◆ Task objective
After locating the line with "Business professionals engaged" in the entries below, output it and each following line up to and including the line with "Retail Space for", exactly and without pictures.

◆ Information shown
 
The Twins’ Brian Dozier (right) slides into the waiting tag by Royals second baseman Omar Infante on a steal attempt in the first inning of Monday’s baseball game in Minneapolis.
...
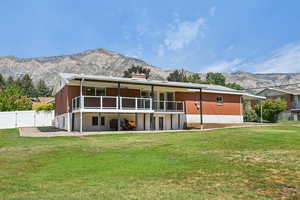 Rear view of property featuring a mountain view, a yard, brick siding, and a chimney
...
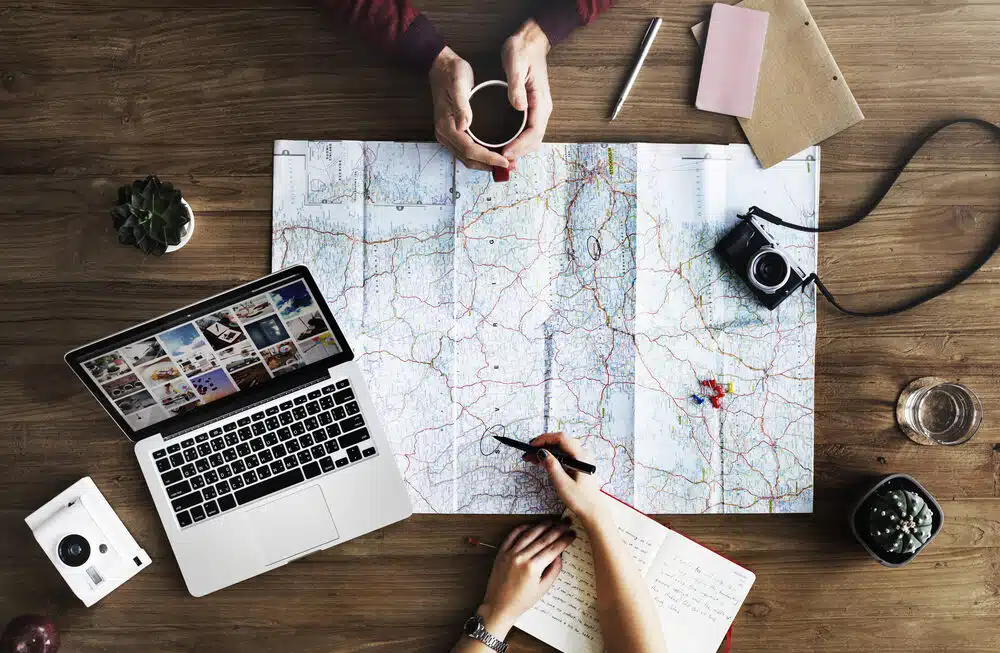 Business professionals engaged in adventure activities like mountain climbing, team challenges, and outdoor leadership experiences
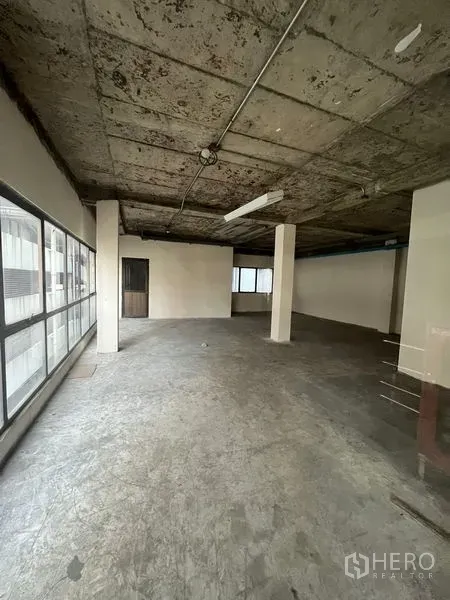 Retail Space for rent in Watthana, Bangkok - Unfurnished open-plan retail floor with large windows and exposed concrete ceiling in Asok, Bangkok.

◆ Reply
 Business professionals engaged in adventure activities like mountain climbing, team challenges, and outdoor leadership experiences
 Retail Space for rent in Watthana, Bangkok - Unfurnished open-plan retail floor with large windows and exposed concrete ceiling in Asok, Bangkok.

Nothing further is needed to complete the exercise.